スマートフォンで世界中の人と随時つながり、手のひらの中に大量のデータを持ち歩け、コンピューティング・リソースも瞬時に確保でき、その上、自然言語で様々な問いかけに応えてくれる知識豊富なAIを多くの人が手にしています。モバイルやクラウドを活用しデジタル・トランスフォーメーションを進めていた中、テクノロジーは飛躍的に進化し、その代表例とも言える生成AIの登場によって「決定的な転換期」がITにもたらされました。果たして、私たちはこれら全てを使いこなし十分に生産性を向上したと言えるでしょうか。 世の中を便利にできたと言えるでしょうか。 それがまだ十分でなければ、進め方を変える必要があります。ITの変曲点をとらえ、進化を自分のものとし、働き方や世の中を本当に変えていくためのテクノロジー活用の明確なビジョンとロードマップが必要となります。

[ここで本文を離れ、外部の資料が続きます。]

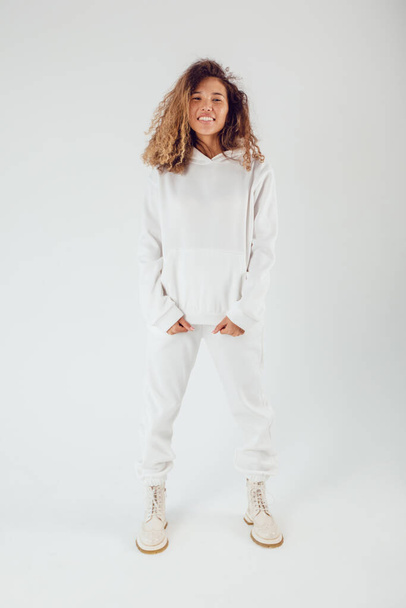 Attractive woman with thick curly hair in a white suit of hoodies and sweatpants. Mock-up. - Φωτογραφία, εικόνα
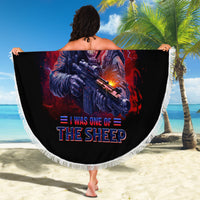 Round beach blanket, black with skull-gun graphic and tassel fringe border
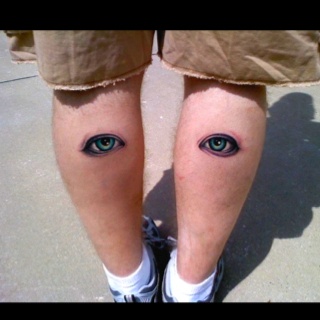 Two Eyes Tattoo On Both Leg Calf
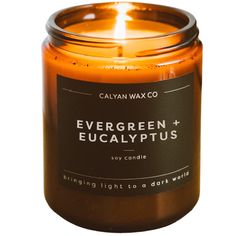 an orange candle with the words evergreen eucalyptus and eucalyptus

2024年、創刊30周年、通巻100号となるProVisionでは、このIT転換期におけるビジョンを描く企業のために、IBMが考える5つのテーマについて特集します。
大きなITの転換期は、実はこれまでにもいくつかありました。それらは克明にProVisionに記録されています。過去という歴史を学ぶことは、現在ひいては未来への考察に必ずやつながっていきます。ProVisionに記された歴史と先人の歩みを振り返りながら「1. ITのフロンティア」とはどうあるべきかを考えていきます。また、世の中を変える起爆剤となっているAIに関しては、誰もが安心して利活用できるように高めてゆくことが求められています。そのためには最初にAIのリスクをしっかり把握し、あらかじめ対処しておく必要があり、「2. AIの信頼性」が重要になります。

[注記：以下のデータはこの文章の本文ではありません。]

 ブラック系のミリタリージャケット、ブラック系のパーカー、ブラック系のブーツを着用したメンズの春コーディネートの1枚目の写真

そのAIの適用分野として大きく二つ、「3. IT変革のためのAI」と「4. ビジネス変革のためのAI」を取り上げます。AIによるIT変革としてはコード生成やIT運用の高度化などが考えられますが、その活用はまだ緒についたばかりです。ビジネス変革においては、生成AIで営業日報や稟議書のドラフトの作成をするなど多くの分野で適用が開始されていますが、業務を大きく変革させるところまではまだ到達していません。ここではAI活用の現状をとらえた上で、企業が抱える課題に対しAIで何が解決でき、何をどう発展させることができるのか、事例を交えながら考察していきたいと考えています。さらにその先のビジョンを描くためには、次世代テクノロジーの方向性を把握しておく必要があります。IBMが考える「5. コンピューティングの未来」は、ビジョンを実現するためのロードマップ策定に役立てていただけると思います。
2024年、私たちが直面する大きなIT転換期において、ProVisionが過去を振り返り未来の方向性を示す羅針盤としてお役に立てれば幸いです。
1. ITのフロンティア
ここでは、ProVision30年そして100号の歩みを振り返りながら、この間にどのような変化が起き、何を学び、そしてこれからの未来がどうなるのか、読者の皆さんと考える場にしたと思います。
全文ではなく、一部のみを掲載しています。